2:56 P.M. EST
THE VICE PRESIDENT: Thank you so much, Llulisa. I — it is part of the reason that we are so excited about this effort — it is because it’s about investing in the future our nation, and that means investing in our future leaders and our current leaders, of which Llulisa is one. So, thank you, Llulisa, for your leadership and your voice and your courage and your brilliance.
Mr. Roundtree, her principal, I want to say that she is doing a great job, and I want to thank you for all of the young students that you are mentoring. So, thank you. (Applause.)
So, it is a pleasure to be here today. And I want to thank Llulisa for really pointing out how essential the Internet is and how essential it is to have an Internet connection not only for the sake of their educational success, but in so many ways that is about understanding the full reality of a full human being.

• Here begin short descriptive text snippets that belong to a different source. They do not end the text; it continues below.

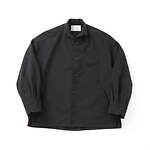 カラーが半年限定の直営店を福岡にオープン、襟付きミニマルアウターやミリタリーシャツブルゾン限定販売｜写真6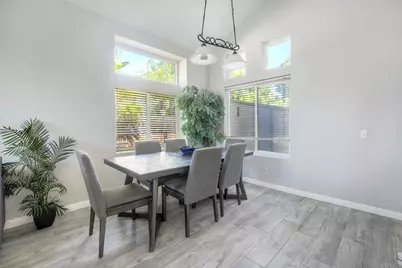 275 Royal Glen Drive, Fallbrook, CA 92028 - Photo 9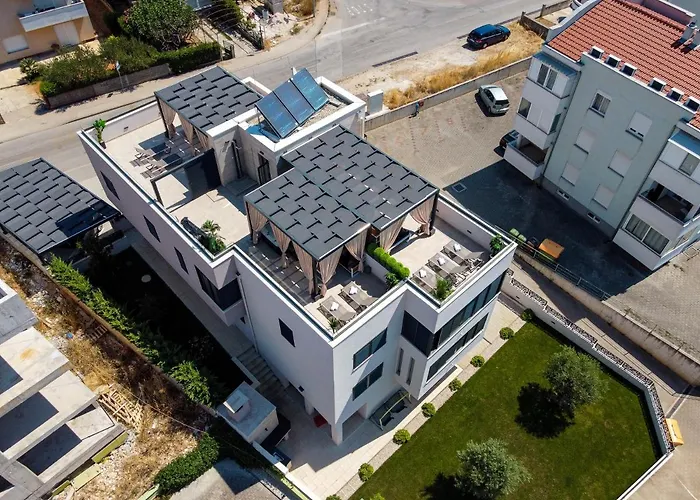 An & Lu With Rooftop Jacuzzi Апартаменты Задар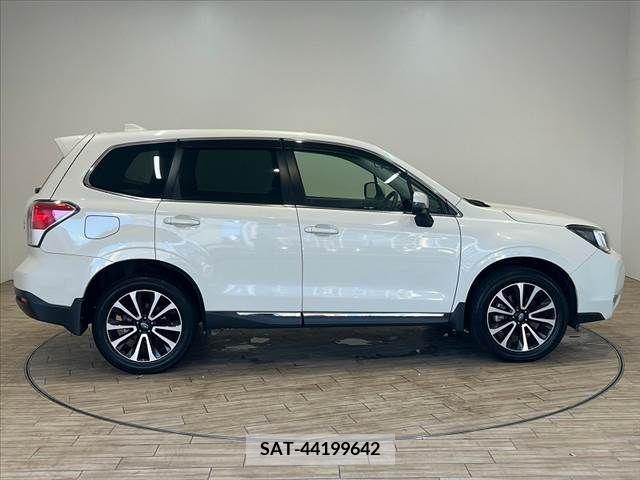 Subaru FORESTER 2016-08 360423-13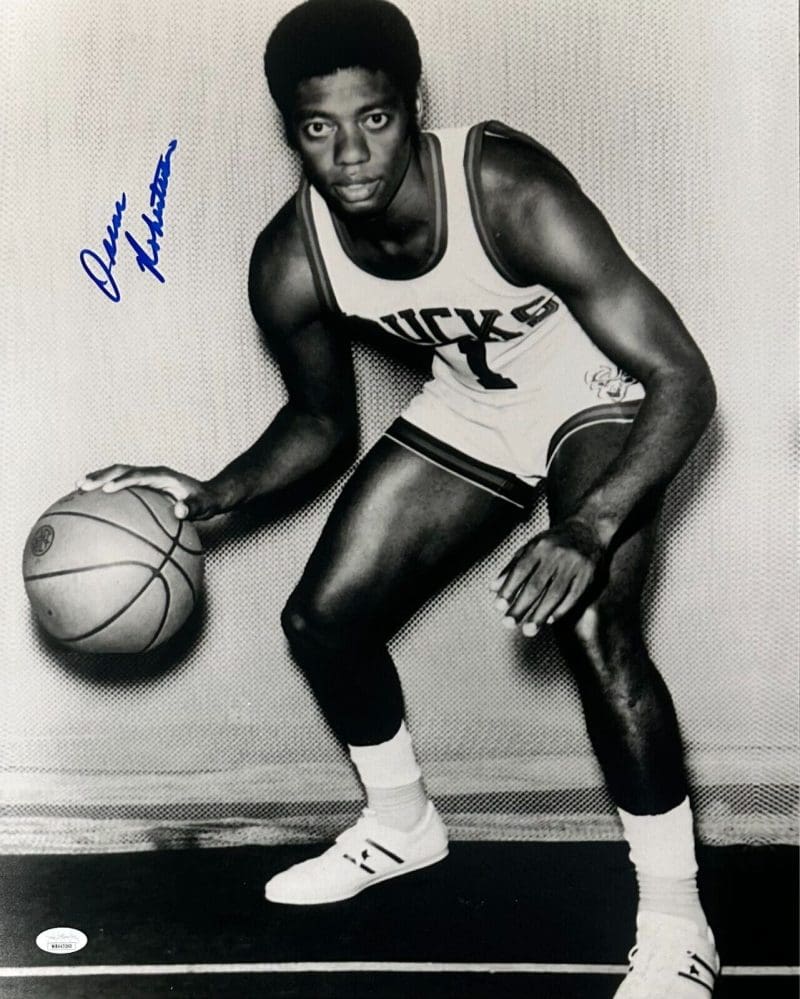 Oscar Robertson Signed Autographed Photo 16x20 JSA Authenticated 2
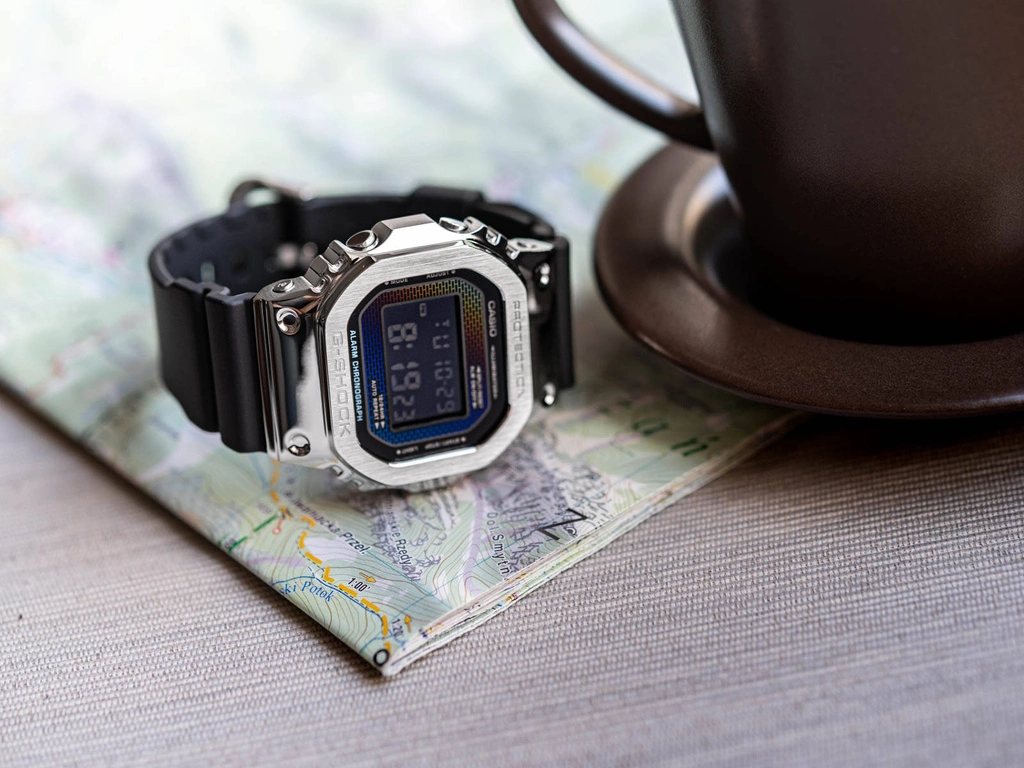 Zegarek męski CASIO G-SHOCK GM-5600RW-1ER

So, it is a pleasure to be here today with also two true champions of our nation’s working people: FCC Chairwoman Jessica Rosenworcel, who has worked for years to make high-speed Internet more affordable and more accessible. And thank you, Chairwoman, for your leadership.
And Mitch Landrieu, our administration’s infrastructure coordinator. He is passionate and he is dedicated and has lived a life of service. And I thank you, Mitch, for all that you have done on this issue and so many other issues.
So, I will begin with what I believe is a simple truth: In the 21st century, high-speed Internet is a necessity — not a luxury, a necessity.
Our world has moved online. And that is why, from day one, the President and I have fought to make it easier for everyone to access and afford high-speed Internet.
Today, we are celebrating a major milestone in that fight. You see, during the pandemic, millions of people — families, in particular — depended on high-speed Internet.
Young people use the Internet to access digital textbooks, attend virtual classes, and collaborate on science projects all at their kitchen table.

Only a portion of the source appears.